Provided data:
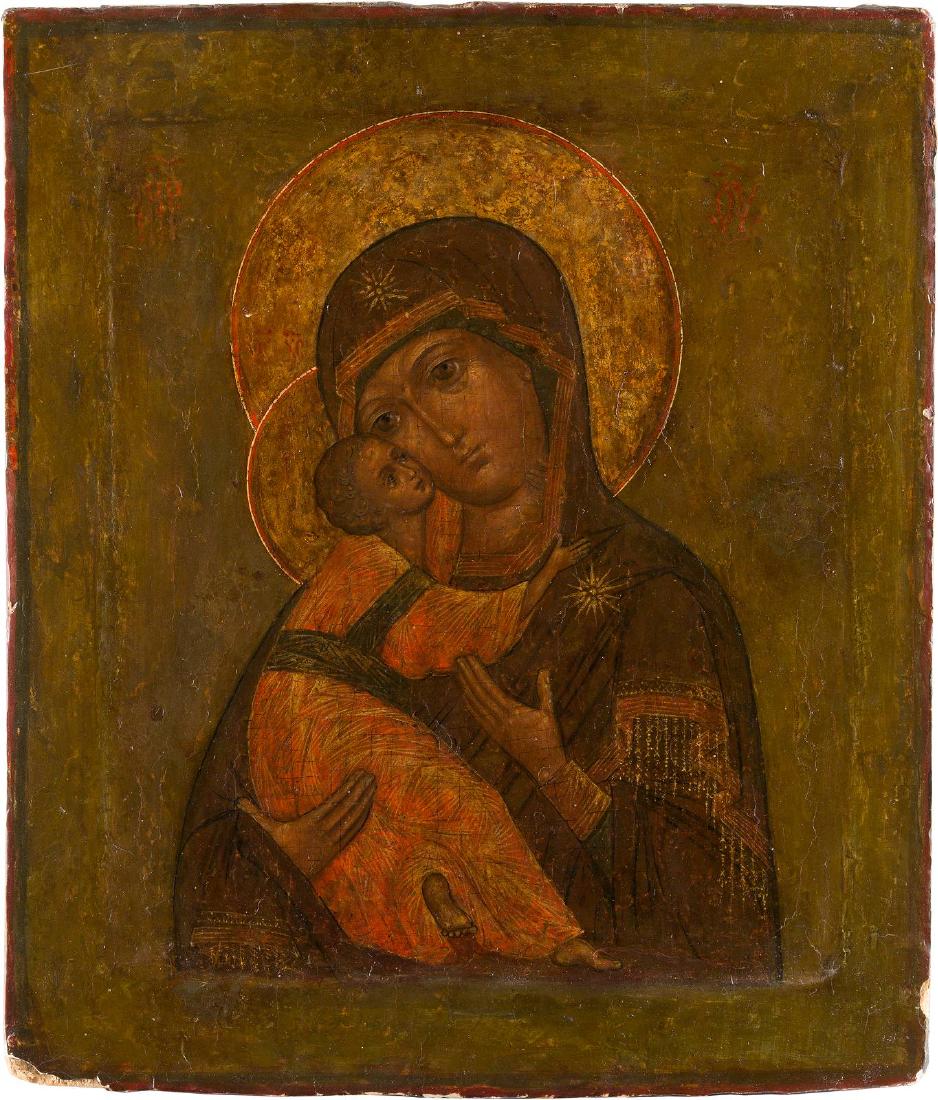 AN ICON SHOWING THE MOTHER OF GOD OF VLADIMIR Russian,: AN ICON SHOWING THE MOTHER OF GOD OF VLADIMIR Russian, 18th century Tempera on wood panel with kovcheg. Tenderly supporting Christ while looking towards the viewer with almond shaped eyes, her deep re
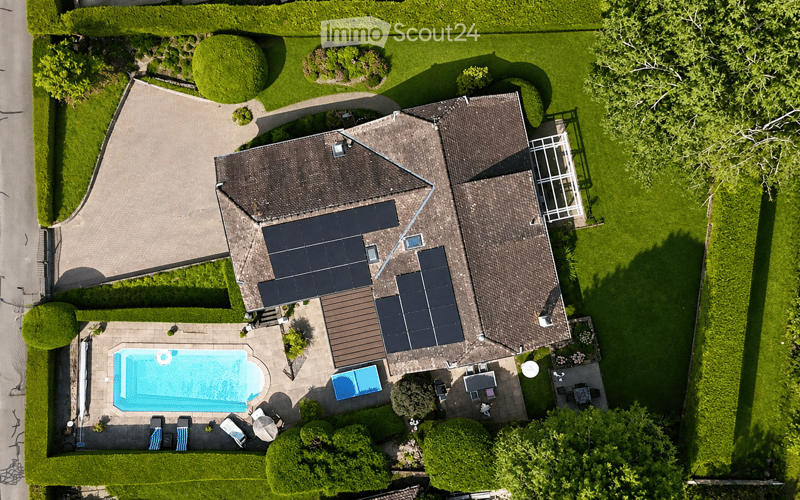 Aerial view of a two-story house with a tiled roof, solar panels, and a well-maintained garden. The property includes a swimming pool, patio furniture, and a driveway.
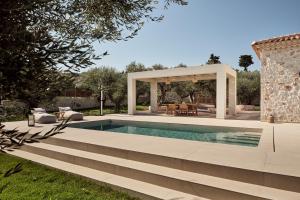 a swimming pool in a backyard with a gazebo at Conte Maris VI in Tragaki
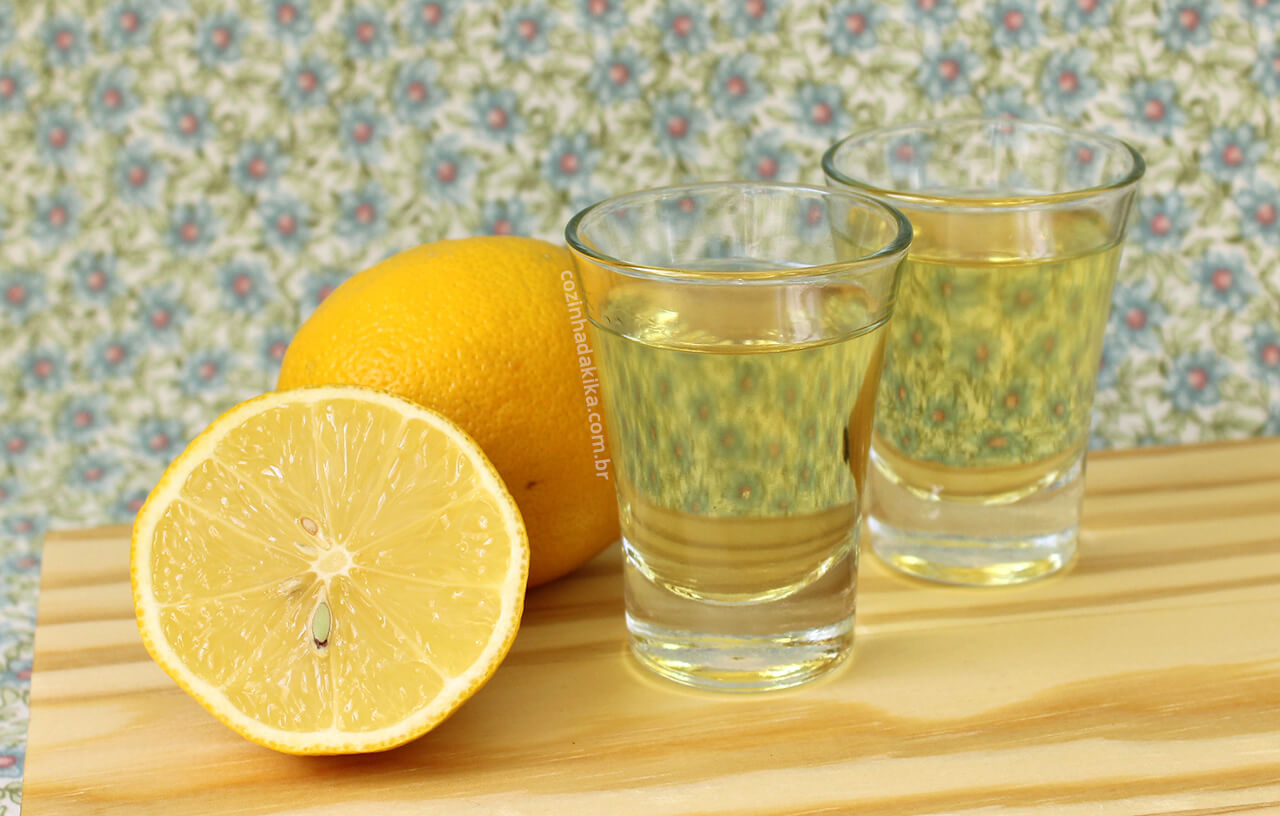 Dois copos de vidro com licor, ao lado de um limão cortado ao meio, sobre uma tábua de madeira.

What to work on: All of the material above should be written out exactly as given, minus any images.

Result of this exercise:
 AN ICON SHOWING THE MOTHER OF GOD OF VLADIMIR Russian,: AN ICON SHOWING THE MOTHER OF GOD OF VLADIMIR Russian, 18th century Tempera on wood panel with kovcheg. Tenderly supporting Christ while looking towards the viewer with almond shaped eyes, her deep re
 Aerial view of a two-story house with a tiled roof, solar panels, and a well-maintained garden. The property includes a swimming pool, patio furniture, and a driveway.
 a swimming pool in a backyard with a gazebo at Conte Maris VI in Tragaki
 Dois copos de vidro com licor, ao lado de um limão cortado ao meio, sobre uma tábua de madeira.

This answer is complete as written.